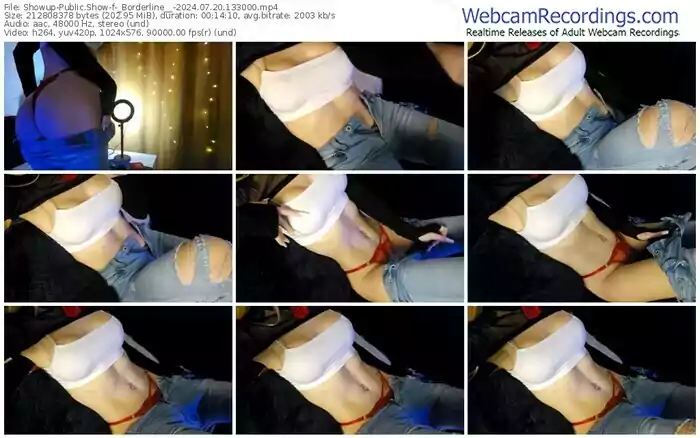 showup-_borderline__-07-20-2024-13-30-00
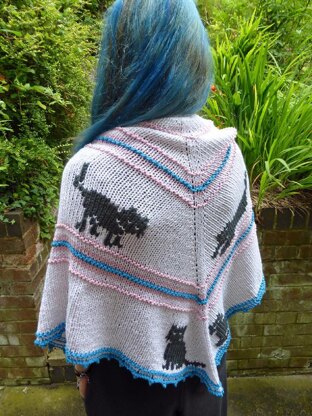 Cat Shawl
______
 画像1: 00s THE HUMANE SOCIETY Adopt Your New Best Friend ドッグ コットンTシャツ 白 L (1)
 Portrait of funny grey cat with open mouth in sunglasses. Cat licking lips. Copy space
______
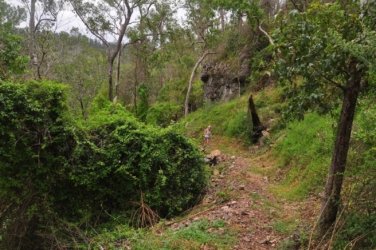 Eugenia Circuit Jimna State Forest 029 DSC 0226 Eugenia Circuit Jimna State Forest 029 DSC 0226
______
Above are records; repeat only the lines starting at the line with "画像1: 00s THE" and ending at the line with "Portrait of funny", exactly as they appear, both included.

- RESPONSE:
 画像1: 00s THE HUMANE SOCIETY Adopt Your New Best Friend ドッグ コットンTシャツ 白 L (1)
 Portrait of funny grey cat with open mouth in sunglasses. Cat licking lips. Copy space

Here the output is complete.